Additionally, you’ll need a signed letter from their senior officer confirming you’re allowed to reenlist with no reasons for denial.
You can also use a Power of Attorney during the mortgage process, depending on your circumstances. There are two types:
- Specific
This kind of power of attorney gives a trusted individual (often a spouse, family member, or a close friend) the ability to handle a particular transaction or act, say signing mortgage paperwork on behalf of the principal. Its scope and length are limited; it ends after the specific task is finished. - General
Grants a trusted individual more overall control so they may handle several of the principal’s legal and financial affairs, including the mortgage application. It’s more thorough and stays in effect until the principal becomes disabled or it is revoked.
If you need help figuring out which type of Power of Attorney documents you need, you can get help from one of our VA loan specialists at Rate.
Our specialists are committed to serving veterans and can provide expert advice, ensuring you maximize your VA home benefits, including offering no lender fee at close and relaxed credit policies.
What are the minimum VA loan requirements for veterans?

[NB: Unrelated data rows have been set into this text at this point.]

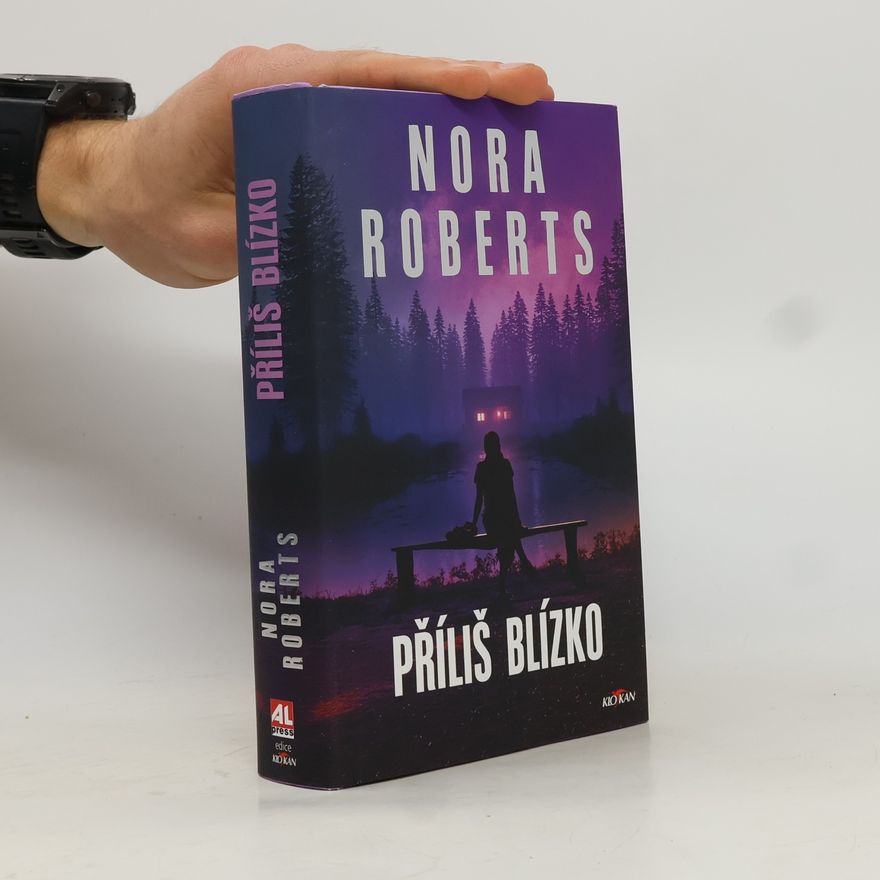 Nora Roberts Příliš blízko
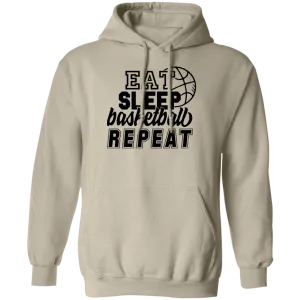 Eat Sleep Basketball ...Pullover Hoodie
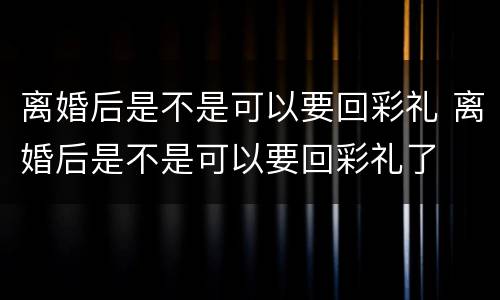 离婚后是不是可以要回彩礼 离婚后是不是可以要回彩礼了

VA service requirements for veterans
The VA mortgage eligibility requirements for veterans vary based on when they served. Your service period should fit into one of the following categories:- Wartime duty
- Peacetime service
Wartime duty includes those who served during:
- World War II
- Korean Conflict
- Vietnam Era
- Persian Gulf War - Here, service for two years or the full period of active duty is required, with the exception of service between September 7, 1980)
- If you served during wartime, you need to have completed a minimum of 90 days of active service and received an honorable discharge or release. However, if your service was less than 90 days due to a service-connected disability, you may still qualify.
Those who fall under the category of peacetime service, served from:
- July 26, 1947 to June 26, 1950,
- February 1, 1955 to August 4, 1964, May 8,
- 1975 to September 7, 1980 (if enlisted) or October 16, 1981 (if officer)
If you served from September 7, 1980 (October 16, 1981) to August 1, 1990, you must have:
- Fulfilled 24 months of uninterrupted active duty or the entire term (minimum of 181 days) for which you were summoned or instructed to active duty, and were discharged and released under conditions that are not dishonorable.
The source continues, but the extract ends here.